Eğer anne ile çocuk arasında bu çile alışverişi bilinmezse belki altı ay, belki de bir yıl sürecek olan tuvalet alışkanlığını kazandırma süreci, anne için cinnet nöbetleri halini alabilir.

Anne İle Çocuk Arasındaki İlahi Yapıştırıcı

Mademki Allah, her anne ile çocuk arasına bu ızdırabı ilahi bir yapıştırıcı olarak sürmektedir, o halde hem bu süreci aksatmadan hem de "Çocuğa zarar vermeden tuvalet alışkanlığı nasıl kazandırılır?" sorusuna cevap aramak gerekir. Bu süreçte şunları bilmekte fayda vardır.

Tuvalet alışkanlığı, çocuğun mesane yollarının çocuk tarafından kontrol edilebildiği dönemde başlamalıdır. Bu dönem, her çocukta farklılık gösterse de ortalama olarak 2-3 yaşlarına denk gelmektedir.

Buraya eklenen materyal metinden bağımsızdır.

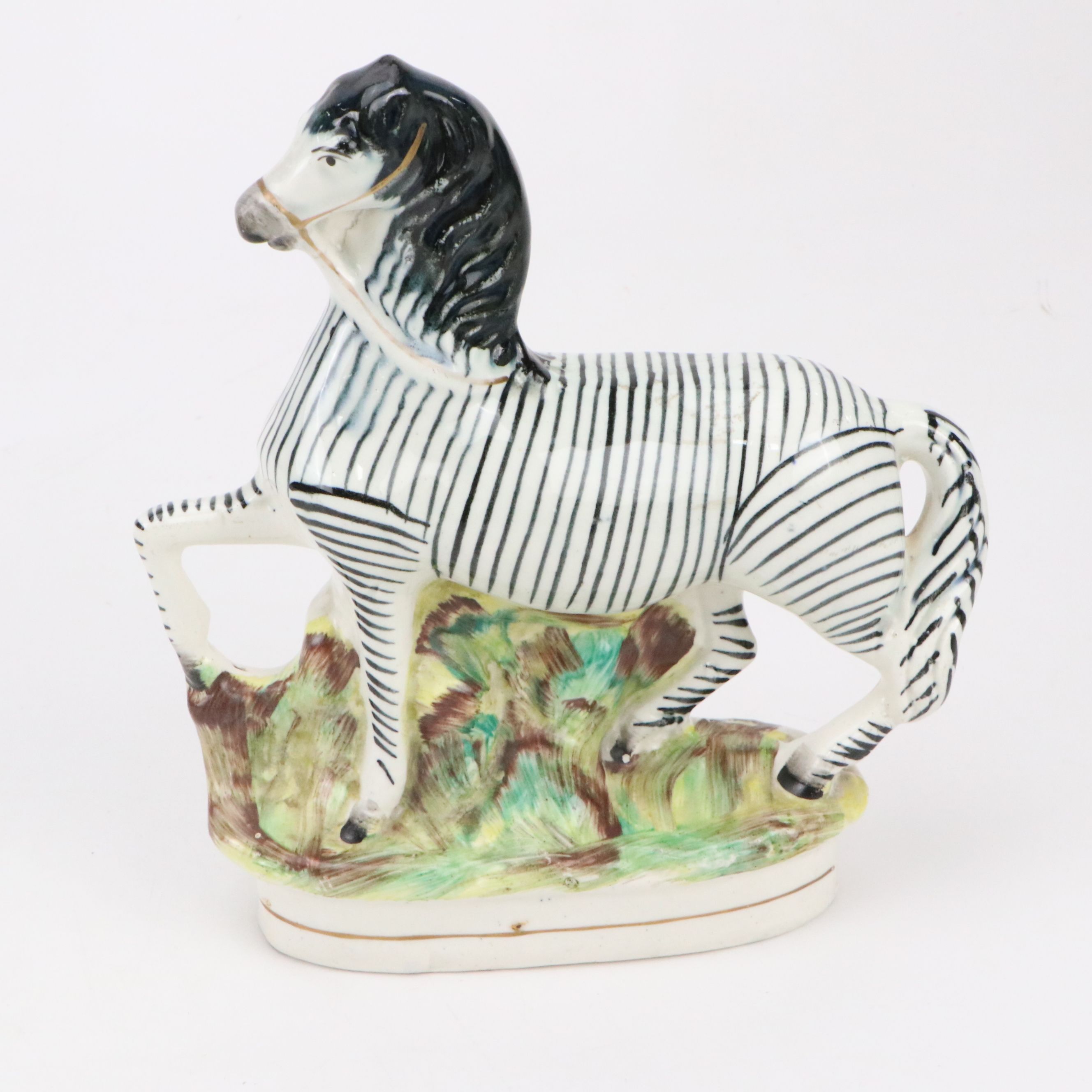 Staffirdshire Style Hand-Painted Zebra Figurines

Çocuk her ne kadar iki yaştan itibaren mesane yollarını kendi iradesi ile kontrol altında tutabilme becerisine sahip olsa da bu beceriyi nasıl kullanacağını öğrenmesi gerekir. Bu itibarla bakıldığında, iki yaşına gelen her çocuk idrar yollarını kullanma becerisine haiz olsa da psikolojik olarak hazır değilse tuvalet alışkanlığının kazandırılması oldukça zordur.

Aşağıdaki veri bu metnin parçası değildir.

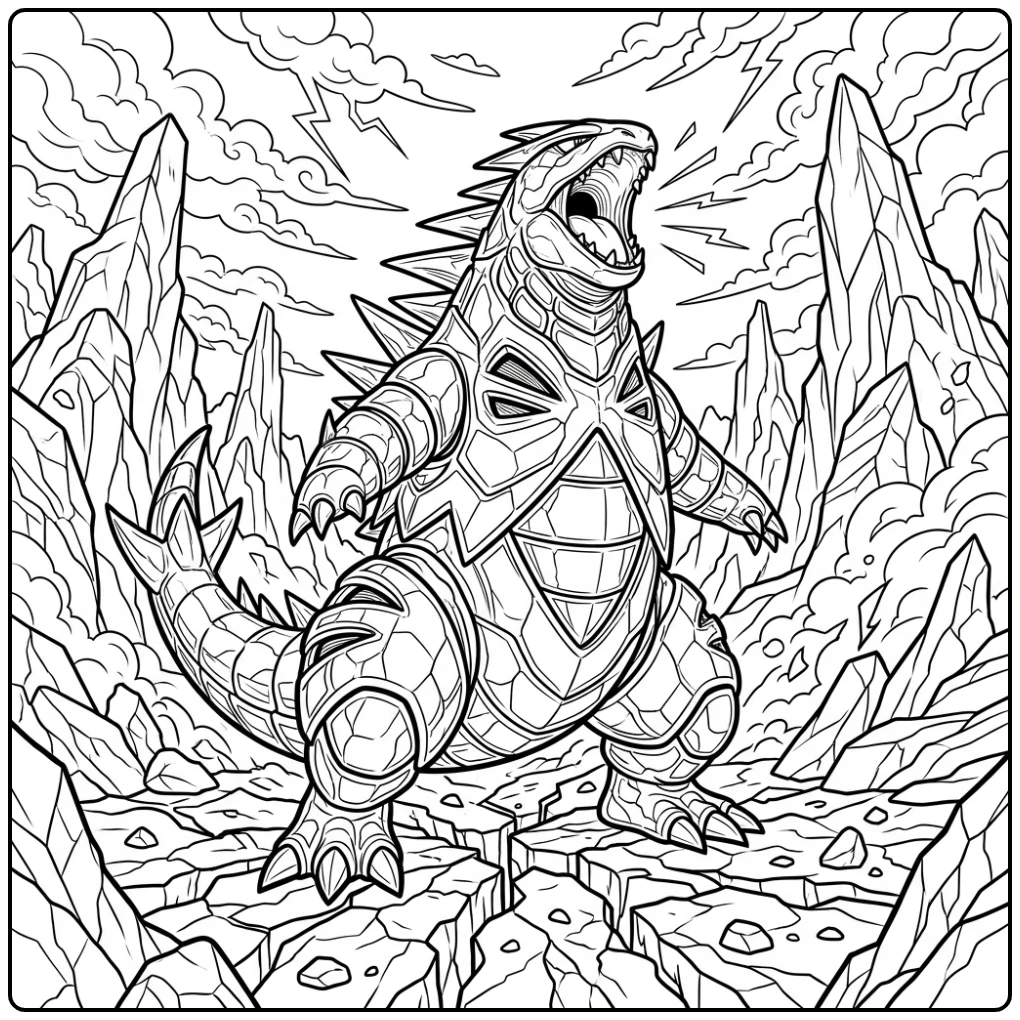 Machtige Tyranitar kleurplaat pokemon moeilijk, brullend op gebarsten grond.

Tuvalet Alışkanlığı Çok Defa Psikolojiktir

Tuvalet alışkanlığını kazanmak, her ne kadar fizyolojik bir olay gibi görünse de çoğunlukla psikolojiktir. Çocuk, psikolojik olarak ne kadar rahat ve huzurlu ise bu süreç o kadar çabuk atlatılacaktır. Tuvalet alışkanlığı kazandırılmaya çalışılan çocuk ne kadar baskı altında tutulur, utandırılır, mahcup edilir ve bunaltılırsa bu süreç o kadar uzar.

Çocuklara Tuvalet Alışkanlığı Kazandırmada Pratikte Neler Yapılabilir?

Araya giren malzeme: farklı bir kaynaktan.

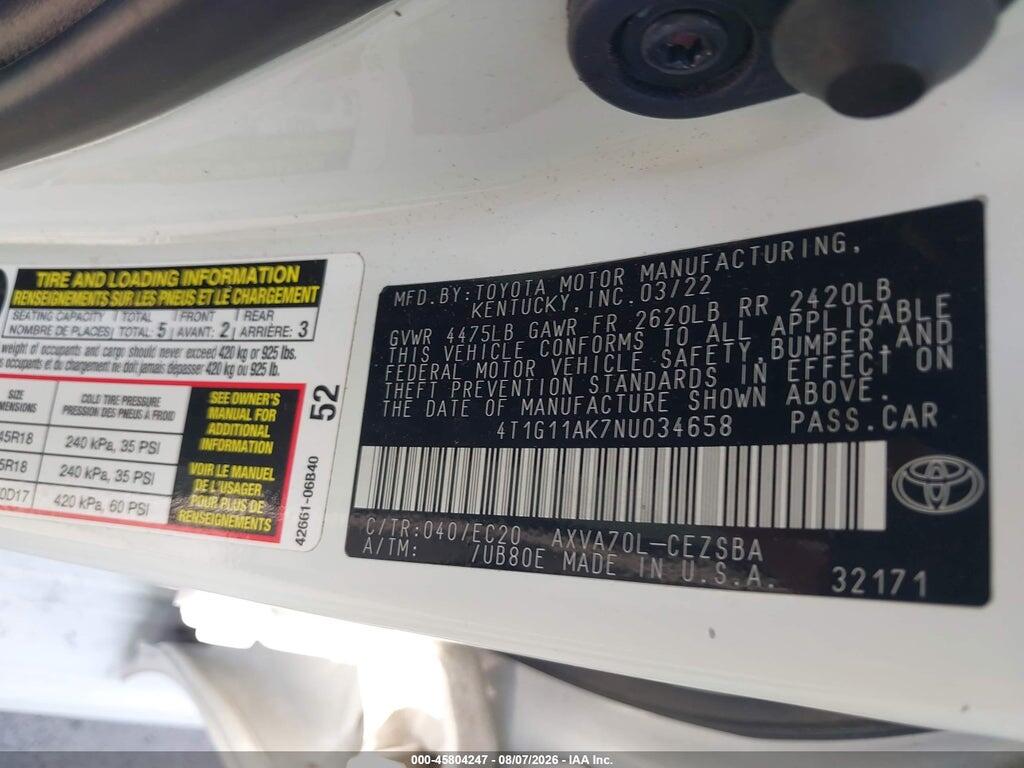 4T1G11AK7NU034658 2022 TOYOTA CAMRY photo no. 9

  1. Tuvalet alışkanlığı, önce büyük tuvaletten başlanılır, ardından gündüz küçük tuvalet alışkanlığı ve en son olarak da gece alışkanlığı kazandırılmaya çalışılır.
  2. Tuvalet alışkanlığı kazandırılmak istenilen çocuğun ıslaklığını hissettirmeyecek kaliteli bez bağlanmamalıdır. Çocuk altını ıslattığında ıslaklığını hissedecek kalitesiz bezler bağlanmalıdır ki çocuk altını ıslattığını hissetsin. Tuvalet alışkanlığı kazandırılmış çocuğa tutarlı davranmalıdır, bazen bez bağlayıp bazen bez bağlamadan bırakmak çocuğun tuvalet alışkanlığı kazanmasını zorlaştırır.
  3. Çocuk, gündüz altını ıslattığında (hava soğuk değilse ve sosyal ortam müsaitse) birkaç dakika ıslak altla bırakılır. bu süre çok uzatılmadan temiz bir iç çamaşırla alt değiştirilir.
  4. Çocuğun altı değiştirilirken ne psikolojik ne duygusal ne de fiziksel şiddet uygulanması doğru değildir. Çocuk ilk defa karşılaştığı bu ıslak olma ve utanma hissini kendi iç dünyasındaki dinamikleri denge kurarak çözmeye çalışmalıdır. Bazen "off bıktım ya" demek bile çocuğun oluşturmaya çalıştığı bu iç dinamikleri bozmaya yeter de artar bile.
  5. İki yaşını geçmiş hiçbir çocuk altı ıslak olarak dolaşmaktan hoşlanmaz. Sizin ayrıca bir şey söylemenize gerek kalmaz. Söyleyeceğiniz her bir ezici söz, süreci uzatacağı gibi çocuğunuzda farklı davranış bozukluklarının görülmesine de yol açabilir. O yüzden çok dikkatli olmalısınız!
  6. Gece kazandırılacak tuvalet alışkanlığında, çocuk gündüz saatlerinde bol su ve sıvı içecekler içmeli, ancak yatmadan en az bir saat önce sıvı içecekler kesilmelidir. Susamaya neden olacak, yağlı, tuzlu ve tatlı yiyecekler yedirilmemelidir.
  7. Gece kazandırılacak tuvalet alışkanlığında, çocuğun altını ıslattığı saatler, bir çizelgeyle tespit edilmeli. O saatlere denk gelecek şekilde, çocuğun tuvalete götürülmesi gerekir.
  8. Çocuk, gece kaldırıldığında, tuvalet ihtiyacını giderirken uykulu olmamalı; önce uykusu ve bilinci açık hale getirilmeli. Daha sonra ihtiyacını gidermesi istenmelidir.
  9. Çocuğuna tuvalet alışkanlığı kazandırmaya çalışan bir anne, bol bol yedek çarşaf ve nevresimle temiz yedek iç çamaşırı bulundurmalıdır.
  10. Gece tuvalete kaldırılacak çocuk, altını ıslatmış ise asla örselenerek veya hırpalanarak kaldırılmamalıdır. Uyku anında çocuğun örselenmesi ve hırpalanması, akıl sağlığı açısından tehlikelidir.
  11. Uykusu ağır olan çocuklara gece tuvalet alışkanlığı kazandırılması zor olabilir. Böyle durumlarda, daha fazla gayret gerekebileceği normal kabul edilmelidir.
  12. Erkek çocukları sünnet ettirildikten sonra daha kolay tuvalet alışkanlığı kazanırlar.
  13. Uzun süreli uğraşlar neticesinde kazandırılamayan (özellikle) gündüz tuvalet alışkanlıklarında, psikolojik veya fizyolojik sorunlar olabileceği hatırlanmalıdır.